If you live in a studio or in a small apartment it is difficult to build a stone cellar of twenty square meters. That would be roughly three-quarters of your place. Then it all depends on the space available, the number of bottles you want to store and budget. Generally speaking, you can choose:
- Shelves: These types of deposits can be made of wood or metal. It is an easy way to have a “hold” for wines without much attention. This solution serves you for a small amount of wine bottles and storage conditions are not the best to keep wines for a long time. Temperature variations are dangerous if you want to keep your wines for decades.
- Wooden boxes: If you buy your favorite wine in a wooden box, this container can serve you as a personal cellar. But it has to be made of wood. Cardboard boxes always run the risk of getting wet and moisture excess promotes the mold growing and it is dangerous for wine. This solution serves to store from low to moderate amounts of wines.

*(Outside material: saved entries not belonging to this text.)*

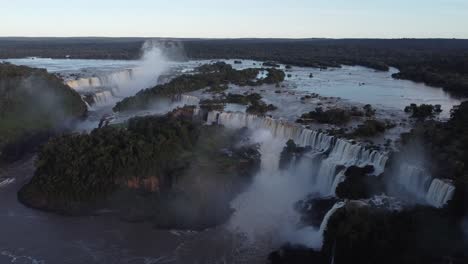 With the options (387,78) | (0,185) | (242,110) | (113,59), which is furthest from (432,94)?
(113,59)

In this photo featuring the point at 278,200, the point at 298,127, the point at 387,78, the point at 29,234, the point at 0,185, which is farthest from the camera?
the point at 387,78

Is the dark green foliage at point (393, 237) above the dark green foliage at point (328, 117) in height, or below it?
below

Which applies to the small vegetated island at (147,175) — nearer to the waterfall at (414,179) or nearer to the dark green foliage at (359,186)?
the dark green foliage at (359,186)

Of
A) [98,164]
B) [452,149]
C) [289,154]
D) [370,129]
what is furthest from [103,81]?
[452,149]

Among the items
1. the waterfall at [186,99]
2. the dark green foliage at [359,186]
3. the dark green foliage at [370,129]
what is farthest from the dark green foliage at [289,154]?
the waterfall at [186,99]

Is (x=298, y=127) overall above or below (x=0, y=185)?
above

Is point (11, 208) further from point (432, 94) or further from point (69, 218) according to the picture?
point (432, 94) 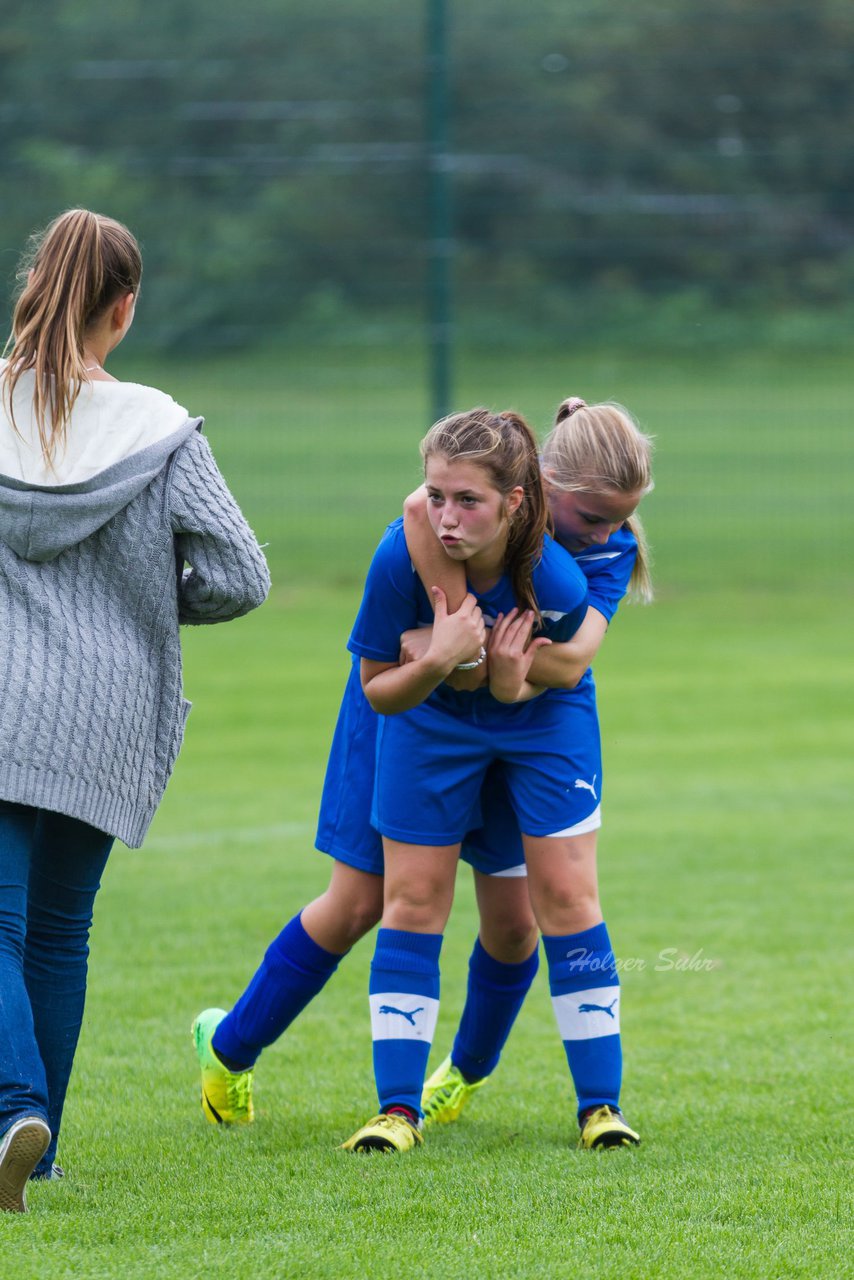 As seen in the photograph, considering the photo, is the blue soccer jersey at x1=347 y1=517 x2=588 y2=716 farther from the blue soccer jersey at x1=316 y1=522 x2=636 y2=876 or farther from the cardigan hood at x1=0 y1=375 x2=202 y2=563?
the cardigan hood at x1=0 y1=375 x2=202 y2=563

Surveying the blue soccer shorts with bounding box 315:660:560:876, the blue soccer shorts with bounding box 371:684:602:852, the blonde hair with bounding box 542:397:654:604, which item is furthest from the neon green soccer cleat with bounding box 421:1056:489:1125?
the blonde hair with bounding box 542:397:654:604

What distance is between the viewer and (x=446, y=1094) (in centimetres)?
380

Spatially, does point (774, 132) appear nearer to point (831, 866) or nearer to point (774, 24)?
point (774, 24)

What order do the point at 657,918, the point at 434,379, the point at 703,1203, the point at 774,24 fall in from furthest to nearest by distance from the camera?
the point at 774,24, the point at 434,379, the point at 657,918, the point at 703,1203

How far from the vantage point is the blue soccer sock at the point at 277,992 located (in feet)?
12.1

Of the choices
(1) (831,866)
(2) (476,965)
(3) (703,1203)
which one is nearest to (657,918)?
(1) (831,866)

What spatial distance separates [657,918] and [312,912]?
7.17ft

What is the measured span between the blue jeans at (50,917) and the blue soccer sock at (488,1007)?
34.7 inches

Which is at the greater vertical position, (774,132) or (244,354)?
(774,132)

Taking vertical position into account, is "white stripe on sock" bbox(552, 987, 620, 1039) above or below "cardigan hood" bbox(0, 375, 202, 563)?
below

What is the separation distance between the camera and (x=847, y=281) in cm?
1566

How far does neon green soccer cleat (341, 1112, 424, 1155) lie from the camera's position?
339cm

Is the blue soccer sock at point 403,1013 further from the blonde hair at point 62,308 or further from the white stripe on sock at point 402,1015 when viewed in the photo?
the blonde hair at point 62,308

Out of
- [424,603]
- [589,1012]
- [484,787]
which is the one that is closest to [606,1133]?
[589,1012] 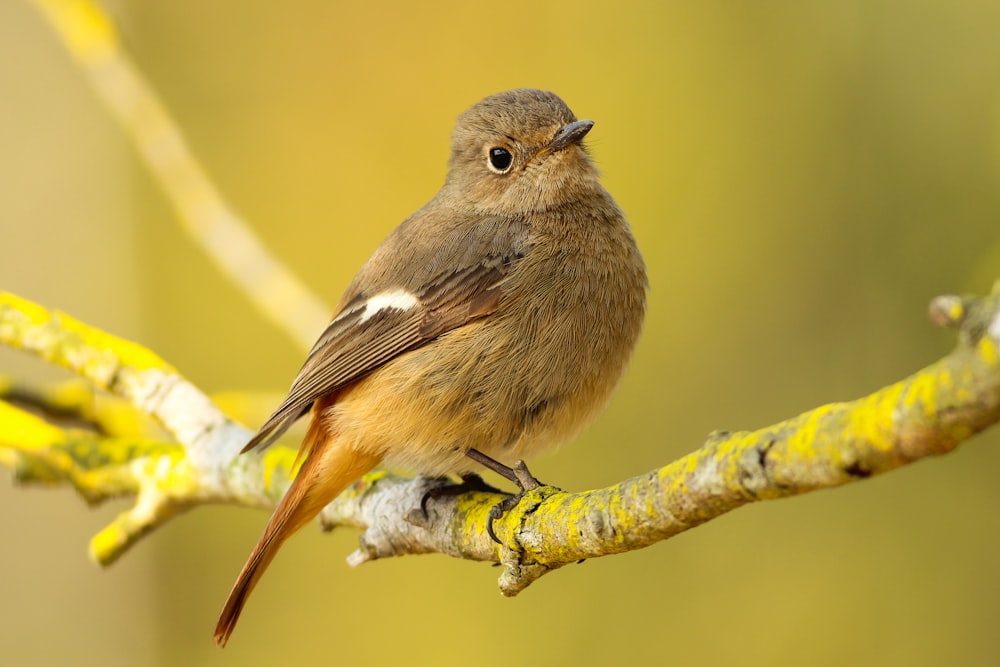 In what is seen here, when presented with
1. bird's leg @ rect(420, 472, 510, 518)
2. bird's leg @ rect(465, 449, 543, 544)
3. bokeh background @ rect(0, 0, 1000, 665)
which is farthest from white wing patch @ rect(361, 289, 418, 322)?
bokeh background @ rect(0, 0, 1000, 665)

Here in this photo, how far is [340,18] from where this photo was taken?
7676 mm

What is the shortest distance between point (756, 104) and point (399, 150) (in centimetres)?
238

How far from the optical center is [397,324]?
3.52m

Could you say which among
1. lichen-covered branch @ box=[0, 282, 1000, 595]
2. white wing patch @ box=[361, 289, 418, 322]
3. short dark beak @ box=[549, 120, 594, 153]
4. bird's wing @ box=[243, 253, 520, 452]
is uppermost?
short dark beak @ box=[549, 120, 594, 153]

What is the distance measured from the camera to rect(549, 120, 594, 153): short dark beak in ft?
12.2

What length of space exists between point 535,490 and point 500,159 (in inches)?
64.9

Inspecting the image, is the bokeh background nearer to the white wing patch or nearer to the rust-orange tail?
the white wing patch

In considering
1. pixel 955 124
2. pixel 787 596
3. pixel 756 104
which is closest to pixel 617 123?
pixel 756 104

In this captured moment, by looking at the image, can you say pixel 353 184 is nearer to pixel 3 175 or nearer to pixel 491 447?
pixel 3 175

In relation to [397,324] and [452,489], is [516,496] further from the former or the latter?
[397,324]

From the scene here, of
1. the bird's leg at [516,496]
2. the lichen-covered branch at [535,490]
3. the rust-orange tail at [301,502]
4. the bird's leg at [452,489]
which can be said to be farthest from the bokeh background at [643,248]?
the bird's leg at [516,496]

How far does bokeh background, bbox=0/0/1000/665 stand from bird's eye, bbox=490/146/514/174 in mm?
2342

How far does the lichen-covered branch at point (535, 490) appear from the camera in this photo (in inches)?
58.1

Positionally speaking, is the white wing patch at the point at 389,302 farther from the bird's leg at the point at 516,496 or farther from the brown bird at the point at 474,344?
the bird's leg at the point at 516,496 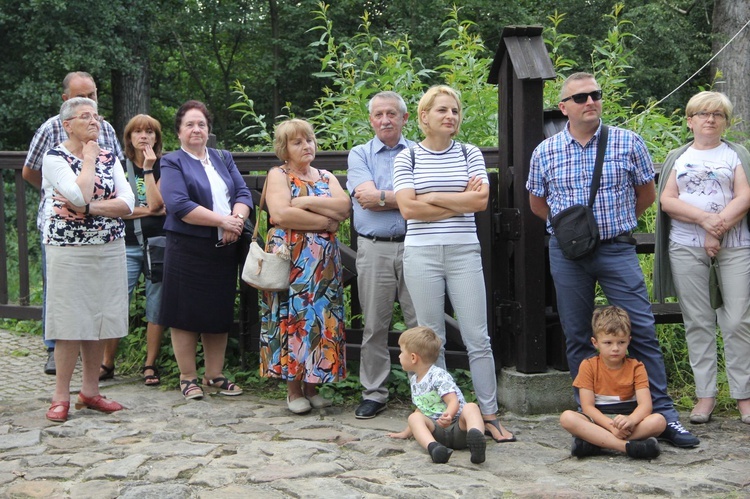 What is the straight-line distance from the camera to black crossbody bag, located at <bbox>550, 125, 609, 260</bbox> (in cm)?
457

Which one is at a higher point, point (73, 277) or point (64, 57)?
point (64, 57)

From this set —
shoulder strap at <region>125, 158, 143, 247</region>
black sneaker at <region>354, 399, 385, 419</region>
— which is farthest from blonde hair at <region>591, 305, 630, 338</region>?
shoulder strap at <region>125, 158, 143, 247</region>

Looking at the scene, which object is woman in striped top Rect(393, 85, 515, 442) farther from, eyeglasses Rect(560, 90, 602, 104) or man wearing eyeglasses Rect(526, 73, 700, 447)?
eyeglasses Rect(560, 90, 602, 104)

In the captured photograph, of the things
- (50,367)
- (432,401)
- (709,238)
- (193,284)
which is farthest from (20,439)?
(709,238)

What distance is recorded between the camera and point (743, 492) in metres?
3.83

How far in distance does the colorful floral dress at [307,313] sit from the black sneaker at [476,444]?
4.31 feet

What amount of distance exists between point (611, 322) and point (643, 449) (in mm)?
620

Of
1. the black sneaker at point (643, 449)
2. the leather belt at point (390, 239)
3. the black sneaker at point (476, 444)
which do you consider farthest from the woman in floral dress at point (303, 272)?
the black sneaker at point (643, 449)

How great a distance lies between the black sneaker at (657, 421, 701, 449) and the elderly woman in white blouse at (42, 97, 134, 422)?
307 centimetres

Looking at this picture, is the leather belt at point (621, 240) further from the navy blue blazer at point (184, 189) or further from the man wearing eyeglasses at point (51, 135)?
the man wearing eyeglasses at point (51, 135)

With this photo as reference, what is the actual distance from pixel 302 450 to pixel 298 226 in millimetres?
1377

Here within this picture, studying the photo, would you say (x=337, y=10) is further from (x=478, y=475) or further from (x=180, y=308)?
(x=478, y=475)

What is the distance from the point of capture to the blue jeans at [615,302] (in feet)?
15.3

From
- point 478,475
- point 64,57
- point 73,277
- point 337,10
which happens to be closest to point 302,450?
point 478,475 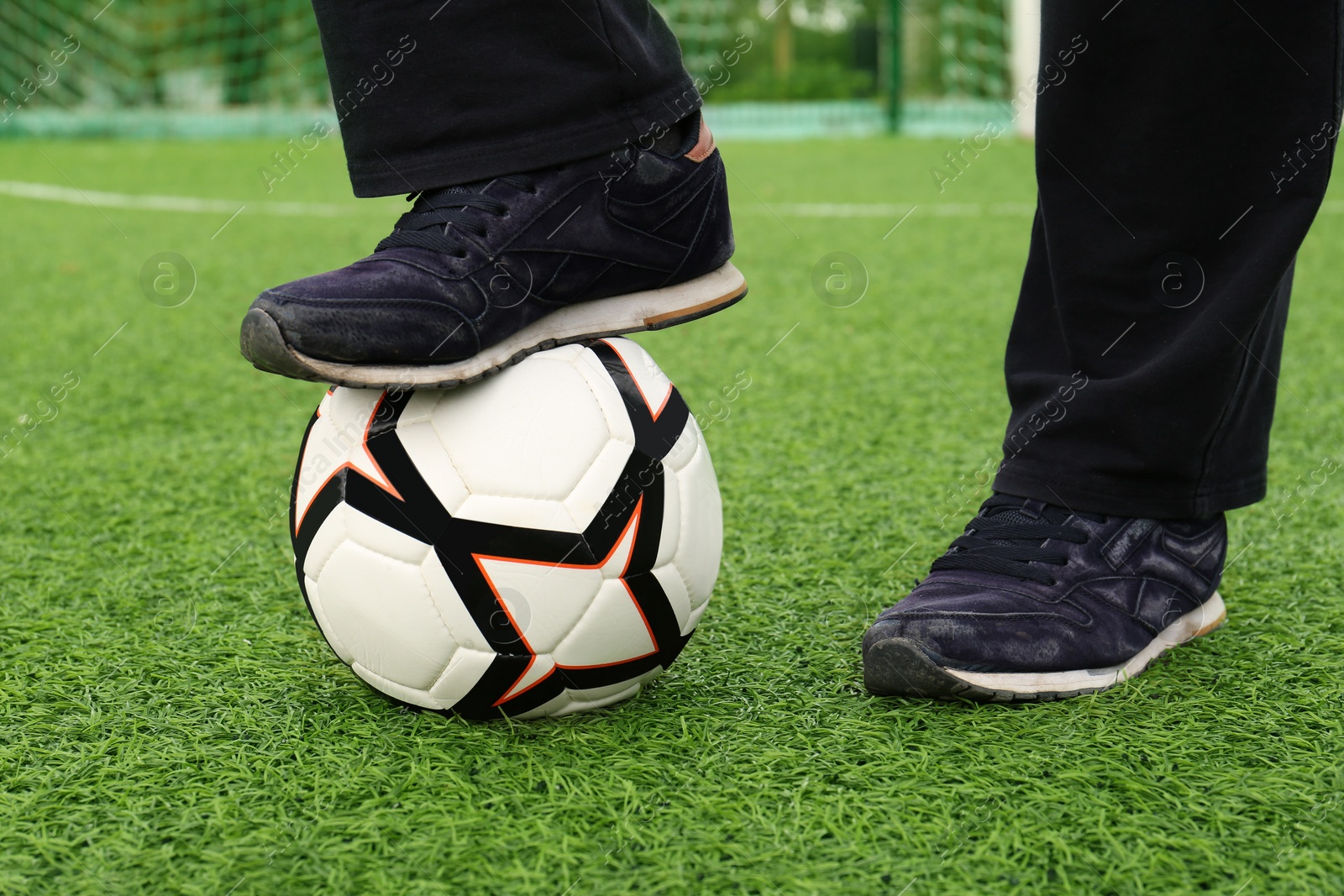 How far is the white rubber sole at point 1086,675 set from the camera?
1.30 meters

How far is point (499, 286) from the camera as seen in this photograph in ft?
4.07

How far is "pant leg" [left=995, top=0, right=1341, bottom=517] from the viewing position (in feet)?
4.02

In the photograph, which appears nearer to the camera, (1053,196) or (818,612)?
(1053,196)

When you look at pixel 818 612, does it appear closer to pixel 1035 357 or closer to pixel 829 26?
pixel 1035 357

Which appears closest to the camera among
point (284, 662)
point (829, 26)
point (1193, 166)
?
point (1193, 166)

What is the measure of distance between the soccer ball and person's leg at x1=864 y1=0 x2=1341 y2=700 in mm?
287

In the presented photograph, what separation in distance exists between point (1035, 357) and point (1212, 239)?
0.86 feet

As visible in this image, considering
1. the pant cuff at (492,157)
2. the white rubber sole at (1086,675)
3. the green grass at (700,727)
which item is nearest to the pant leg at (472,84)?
the pant cuff at (492,157)

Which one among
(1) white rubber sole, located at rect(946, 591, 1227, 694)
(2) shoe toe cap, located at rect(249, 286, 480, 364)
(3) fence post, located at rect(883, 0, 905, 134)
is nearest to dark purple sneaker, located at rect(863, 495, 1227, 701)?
(1) white rubber sole, located at rect(946, 591, 1227, 694)

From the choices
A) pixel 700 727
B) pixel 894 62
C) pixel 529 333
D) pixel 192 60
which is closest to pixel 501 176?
pixel 529 333

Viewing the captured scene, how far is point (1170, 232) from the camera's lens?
1.30 metres

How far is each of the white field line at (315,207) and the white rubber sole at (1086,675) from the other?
14.2 feet

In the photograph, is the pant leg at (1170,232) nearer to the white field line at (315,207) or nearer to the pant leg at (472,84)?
the pant leg at (472,84)

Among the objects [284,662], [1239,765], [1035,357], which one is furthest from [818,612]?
[284,662] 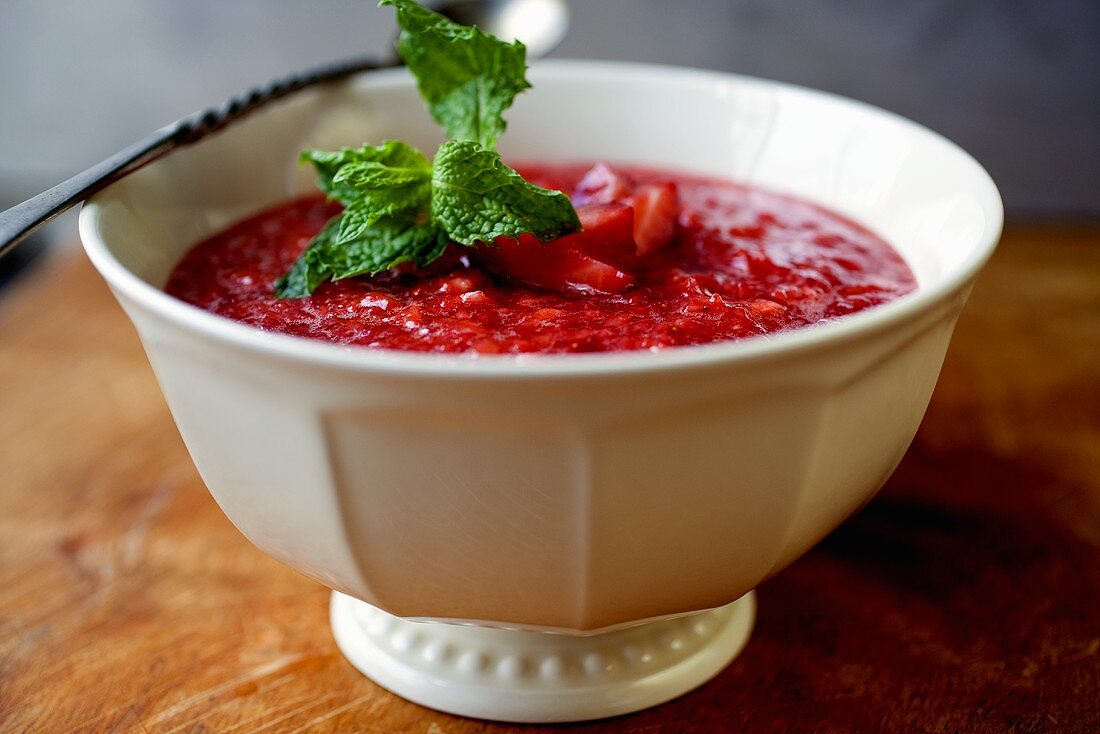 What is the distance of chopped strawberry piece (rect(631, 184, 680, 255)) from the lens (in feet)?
4.59

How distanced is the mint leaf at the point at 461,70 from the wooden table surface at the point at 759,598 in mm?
648

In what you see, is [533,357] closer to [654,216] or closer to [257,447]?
[257,447]

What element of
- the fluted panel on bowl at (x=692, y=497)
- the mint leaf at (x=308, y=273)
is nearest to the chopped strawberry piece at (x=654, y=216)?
the mint leaf at (x=308, y=273)

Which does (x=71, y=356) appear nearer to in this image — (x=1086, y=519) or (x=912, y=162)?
(x=912, y=162)

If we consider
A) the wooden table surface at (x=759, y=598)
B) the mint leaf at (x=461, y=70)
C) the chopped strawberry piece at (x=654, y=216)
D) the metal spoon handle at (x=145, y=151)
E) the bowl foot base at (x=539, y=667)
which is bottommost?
the wooden table surface at (x=759, y=598)

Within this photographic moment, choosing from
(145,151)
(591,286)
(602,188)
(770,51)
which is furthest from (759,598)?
(770,51)

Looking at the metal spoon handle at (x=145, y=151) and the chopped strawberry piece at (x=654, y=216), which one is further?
the chopped strawberry piece at (x=654, y=216)

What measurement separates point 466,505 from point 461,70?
0.72 metres

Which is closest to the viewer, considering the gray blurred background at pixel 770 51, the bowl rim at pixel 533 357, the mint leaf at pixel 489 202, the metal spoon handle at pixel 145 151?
the bowl rim at pixel 533 357

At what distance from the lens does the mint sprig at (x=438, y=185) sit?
4.08ft

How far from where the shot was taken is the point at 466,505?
91cm

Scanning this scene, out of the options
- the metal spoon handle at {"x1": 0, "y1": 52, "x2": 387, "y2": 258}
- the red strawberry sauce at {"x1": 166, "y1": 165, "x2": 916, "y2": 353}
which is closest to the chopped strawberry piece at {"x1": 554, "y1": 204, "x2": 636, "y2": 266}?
the red strawberry sauce at {"x1": 166, "y1": 165, "x2": 916, "y2": 353}

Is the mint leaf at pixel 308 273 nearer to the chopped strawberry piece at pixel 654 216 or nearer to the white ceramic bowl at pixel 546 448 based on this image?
the white ceramic bowl at pixel 546 448

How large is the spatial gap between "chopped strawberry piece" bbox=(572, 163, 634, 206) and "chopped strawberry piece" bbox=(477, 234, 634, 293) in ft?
0.66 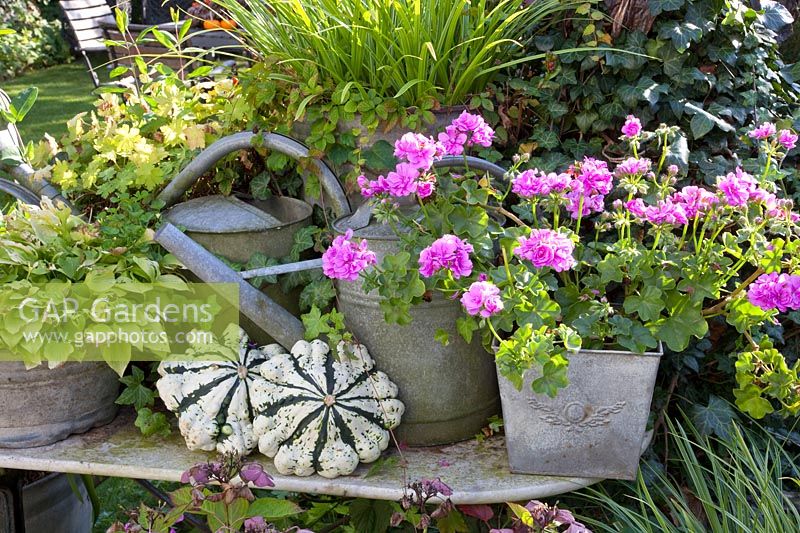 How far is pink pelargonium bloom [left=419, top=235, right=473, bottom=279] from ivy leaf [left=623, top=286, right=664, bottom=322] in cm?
30

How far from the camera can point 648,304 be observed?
1491 millimetres

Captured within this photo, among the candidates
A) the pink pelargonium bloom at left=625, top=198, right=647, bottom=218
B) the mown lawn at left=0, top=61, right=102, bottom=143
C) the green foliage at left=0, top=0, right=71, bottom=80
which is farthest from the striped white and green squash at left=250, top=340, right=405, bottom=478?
the green foliage at left=0, top=0, right=71, bottom=80

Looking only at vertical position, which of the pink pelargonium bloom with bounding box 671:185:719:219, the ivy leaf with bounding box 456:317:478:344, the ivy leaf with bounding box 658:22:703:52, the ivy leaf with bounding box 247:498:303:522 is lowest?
the ivy leaf with bounding box 247:498:303:522

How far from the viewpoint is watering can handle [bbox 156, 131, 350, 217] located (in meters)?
1.85

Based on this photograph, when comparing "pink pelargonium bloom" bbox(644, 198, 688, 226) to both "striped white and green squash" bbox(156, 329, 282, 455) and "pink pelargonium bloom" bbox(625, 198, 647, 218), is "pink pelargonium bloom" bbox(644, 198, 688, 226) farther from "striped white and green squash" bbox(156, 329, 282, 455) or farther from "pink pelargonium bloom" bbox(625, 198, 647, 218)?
"striped white and green squash" bbox(156, 329, 282, 455)

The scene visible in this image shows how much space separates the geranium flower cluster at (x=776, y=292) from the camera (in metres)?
1.38

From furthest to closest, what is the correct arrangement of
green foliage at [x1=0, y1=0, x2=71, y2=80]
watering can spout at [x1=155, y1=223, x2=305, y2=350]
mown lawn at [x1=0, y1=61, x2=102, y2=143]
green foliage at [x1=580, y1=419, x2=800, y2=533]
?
1. green foliage at [x1=0, y1=0, x2=71, y2=80]
2. mown lawn at [x1=0, y1=61, x2=102, y2=143]
3. watering can spout at [x1=155, y1=223, x2=305, y2=350]
4. green foliage at [x1=580, y1=419, x2=800, y2=533]

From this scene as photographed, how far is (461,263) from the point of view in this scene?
143cm

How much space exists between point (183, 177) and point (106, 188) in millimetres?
219

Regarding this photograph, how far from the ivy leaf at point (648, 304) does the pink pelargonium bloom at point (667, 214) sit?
0.41ft

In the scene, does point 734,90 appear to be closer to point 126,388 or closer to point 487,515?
point 487,515

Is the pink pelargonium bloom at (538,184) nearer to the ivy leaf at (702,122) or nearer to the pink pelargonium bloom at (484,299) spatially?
the pink pelargonium bloom at (484,299)

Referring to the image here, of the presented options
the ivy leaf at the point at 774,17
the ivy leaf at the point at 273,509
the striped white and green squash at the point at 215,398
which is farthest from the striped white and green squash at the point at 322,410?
the ivy leaf at the point at 774,17

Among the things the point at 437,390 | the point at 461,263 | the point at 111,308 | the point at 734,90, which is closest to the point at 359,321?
the point at 437,390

- A closet-wine cellar or a cellar / fridge: You can buy them from five or ten to fifty bottles. These modern cellars are very useful when you do not have much space. But their price is not low. The difference between a cupboard and a fridge cellar is that the last one maintains the ideal temperature to consume wine when desired, without having to use an ice bucket. Most modern furniture has different temperatures compartments, allowing to save white and red wines at the appropriate service temperature (as we know, white wines require lower temperatures than red wines).
- A room designed to be a cellar:It is a space isolated from the rest of the house and with a space designed for wines. Formerly such places were made of stone. Today there are countless solutions to keep the wines in the best possible conditions.
But no matter if you occupy a corner or a large space for your wines, the bottom line is to worry about some key conditions such as:
This the most difficult factor to regulate. The place where you keep your wines must maintain a constant temperature (not less than 5 °C and no more than 18 ° C). Always avoid extreme temperature fluctuations. During the year, the average temperature varies seasonally, but you cannot allow abrupt changes. It is very useful to install weather-stripping on windows and doors to avoid excessive heat or cold.
An (natural or artificial) intense light can cause defects in wine, as an excess of oxygen, especially in whites. Don’t keep an artificial light near your wines and avoid exposing them directly to the sun. You should also abstain from exposing the bottle of wine in the living room (no matter how attractive is the label for our friends) because light is an enemy of wine.
A good level of humidity is between 75-80%. This prevents the wine cork to dry. For this reason the bottles should be stored in a horizontal position, so that the cork is always in contact with the liquid. Formerly the cellars were literally in stone rooms, where the soil was porous and maintained optimal humidity. Today you have to use tools designed especially for modern cellars. But be careful with this issue. Excess moisture is not healthy for wine. It doesn’t only destroy the labels, but can also damage the cork.
The space where you keep your wine needs good air circulation. This is essential to protect the bottles from odor and mold. In addition, remember that even with good ventilation system, wine absorbs aromas. Therefore you should not keep them near chemicals, deodorants, vegetables or other foods with strong aromas, such as potatoes, garlic, ham, onions, etc. These odors penetrate through the cork porosity and can change the natural bouquet of the wine.
Vibrations can damage wine. The bottles have to move as little as possible and be away from appliances. Yes, I know that in countries like Chile with lots of earthquakes, it is difficult to keep bottles without movement. It is very important that each wine has its place and that you do not need to move five others when you want to uncork a label. The shelves have to be as stable as possible, without risk of bottles falling and easily accessible.
Finally, it is very valuable to have a cellar journal, which carries your personal record of the stored wines: where purchased, when, how much you have paid for them, when you opened the bottles, etc. This way you will always know your hidden treasures and you will live the fascinating experience of collecting wines more intensely.